Take Wright’s definition of function:
The function of X is Z means that (a) X is there because it does Z. (b) Z is a consequence (or result) of X’s being there. (Wright 1973, p.161)
Boorse, Godfrey-Smith and Millikan among others note that ‘the problem here is with the broad range of “X” and “Z” [which are the variables in Wright Functions]’ (Godfrey-Smith in Allen et al. 1998, p. 455). Without any biological criteria (or in fact any other type of criteria), there is no way to determine what are the relevant entities that need to be explained functionally and what functional explanations are not trivial. Millikan, for example, wishes to use biology insofar as it constrains the domain of application of functional inquiry in a meaningful way. By doing so, we eliminate a priori many trivial cases of hypothetical teleology.
As previously noted, SE functions (and the explanation they provide) are not rejected by Amundson and Lauder. Rather, they argue for the importance of physiology and functional anatomy and the nonhistorical functional explanations they provide and their significant role in evolutionary explanations. For SE functions, one needs a past history of selection to identify the process and its ‘real’ function. As Amundson and Lauder point out, a purely engineering view is sometimes necessary when history is not available. But is that merely an epistemic point?
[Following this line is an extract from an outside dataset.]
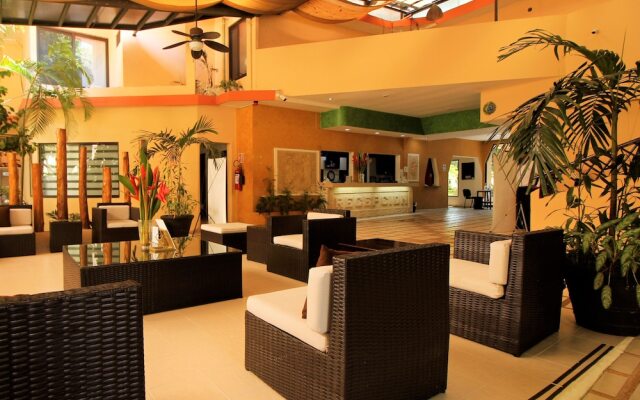 Maya Tulipanes Express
The fact that our study of the fossil record, because of its relative poor quality, leads to nonhistorical description may say more about our access to evidence than about functional explanations per se.
In other words, a genuine worry is that functional pluralism might only be a temporary state of affairs: given more information about the living world, we could eliminate the instrumental use of nonhistorical causal functions and revert to historical functions simpliciter. Basically CR functions could be seen as instrumentally necessary for now, but ultimately disposable in favour of the ‘real’ SE functions.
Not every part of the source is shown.